Book Review: Splintered by A. G. Howard

As the market today is rather saturated in the genre, I am not generally a reader of modern fairy tale renditions. Yet, I was drawn to the cover of this urban teen fantasy, Splintered (2013) by A. G. Howard, a novel based on Alice in Wonderland. When I opened it up and began reading, I was hooked from the first sentence.

Alyssa Gardner is a smart and determined goth/glam skater girl who lives with her father in a small Texas town. Her mother, a direct descendant of Alice Liddell – the inspiration for Lewis Carroll’s Alice’s Adventures in Wonderland – has been living in an insane asylum for the last eleven years. But she’s not really insane. At the coaxing of Alyssa’s childhood guide – a blue moth who can transform into a very sexy netherling – Alyssa and her longtime crush, Jeb, must journey down the rabbit hole into Wonderland to repair the messes Alice Liddell left behind… or so they think.
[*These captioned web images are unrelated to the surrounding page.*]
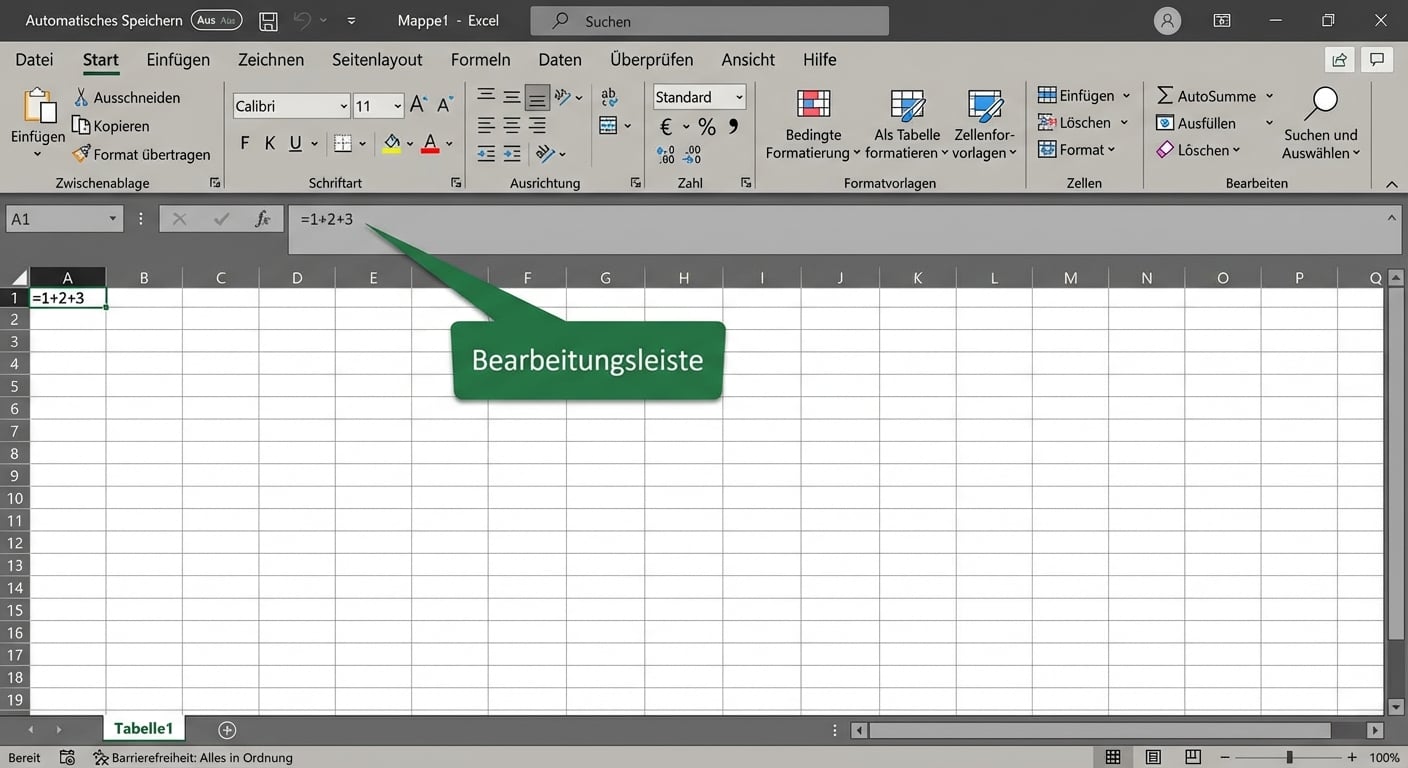 Excel-Datei mit hervorgehobener Formelleiste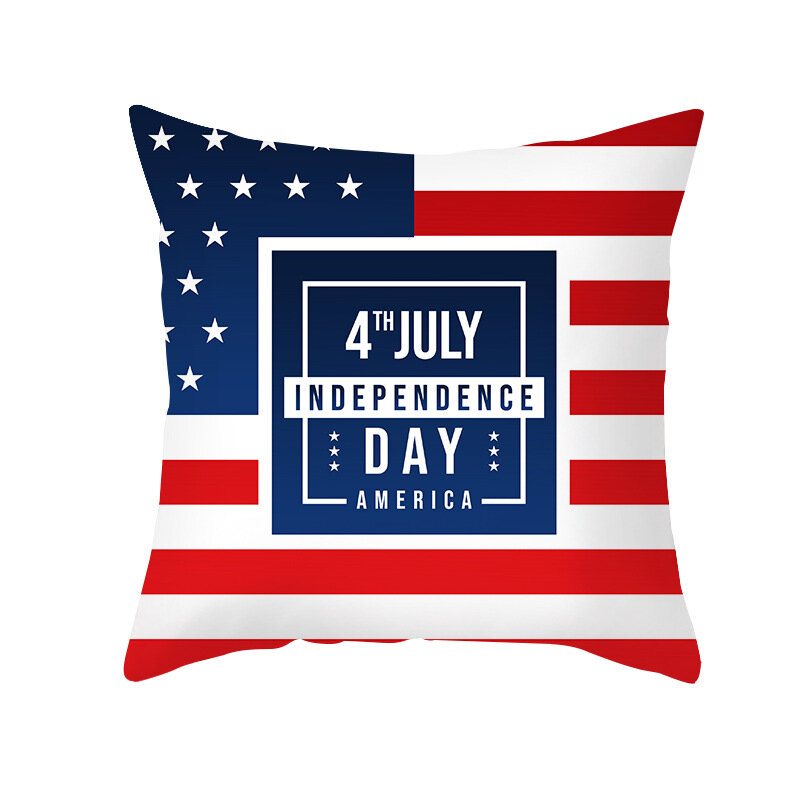 American Independence Day Örngott Custom Simple Peach Skin Kuddfodral Soffa Hem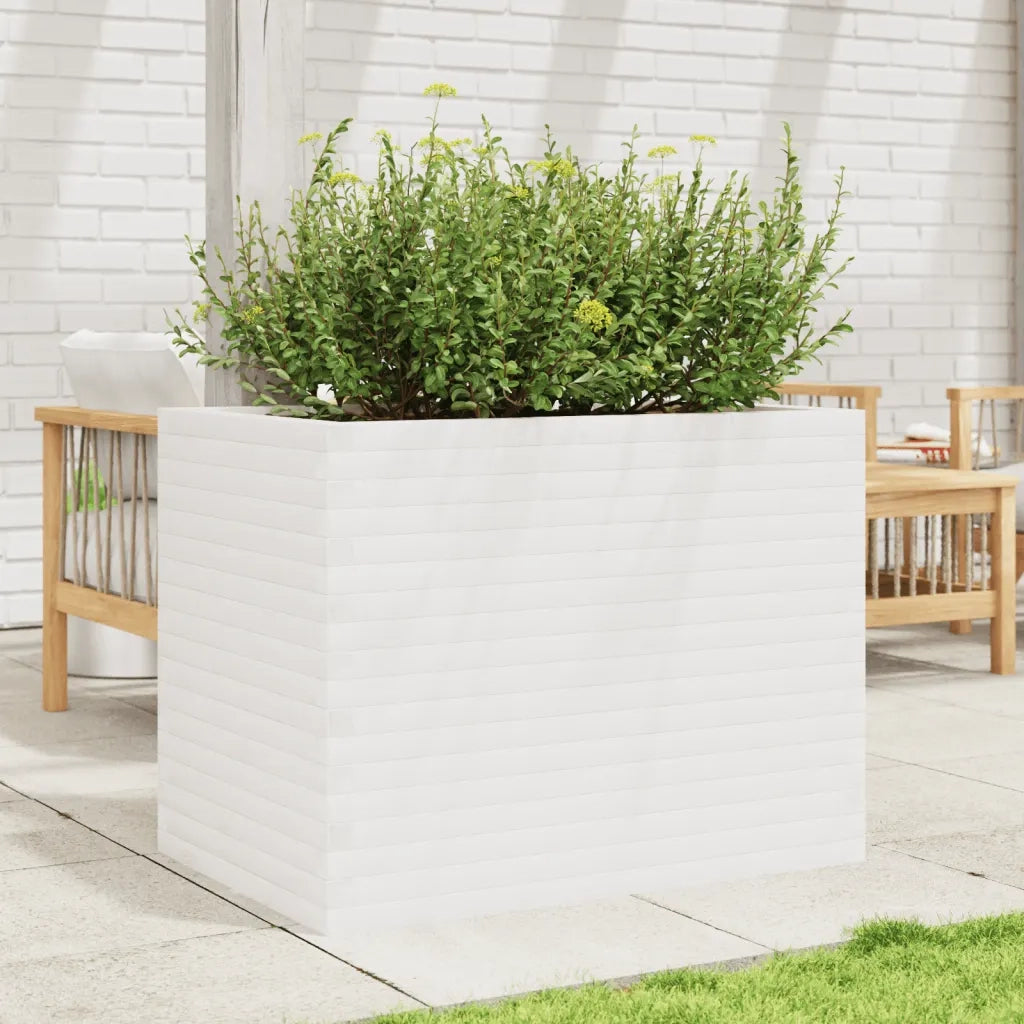 Fioriera | Cassetta per fiori | Vaso da Giardino Bianca 90x60x68,5cm Legno Massello di Pino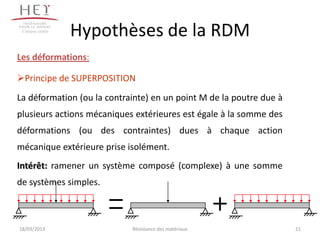 Campus centre
                 Hypothèses de la RDM
Les déformations:

Principe de SUPERPOSITION
La déformation (ou la contrainte) en un point M de la poutre due à
plusieurs actions mécaniques extérieures est égale à la somme des
déformations (ou des contraintes) dues à chaque action
mécanique extérieure prise isolément.
Intérêt: ramener un système composé (complexe) à une somme
de systèmes simples.



18/03/2013                  Résistance des matériaux                 21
In Howard’s rendering, Wonderland is gothic and macabre, with some terrifying creatures and twisted magic. Lewis Carroll fans will appreciate the quotes and plot references from his famous “Jabberwocky” poem. Alyssa’s guide, the moth/netherling Morpheus, was by far the most complex, entertaining and intriguing character. He was irresistibly sexy and well-written, although his constantly shifting motivations and ambiguity felt inconsistent at times. As well, the plot became a bit convoluted in the second & third acts, and detailed action sequences with frequent game-changing revelations made it difficult for me to follow along after a while.

As for Howard’s prose itself: it’s addictive, skilled and uniquely creative. I  found myself rereading sentences just to marvel at the beauty of her descriptions and word choices. Her style is artistic – the reader can tell Howard has a keen eye for fashion and the visual arts. Her dialogue is also exceptional. Howard is a talented writer who’ll do well with her trilogy for  fans of teen urban fantasy and gothic fairy tale retellings.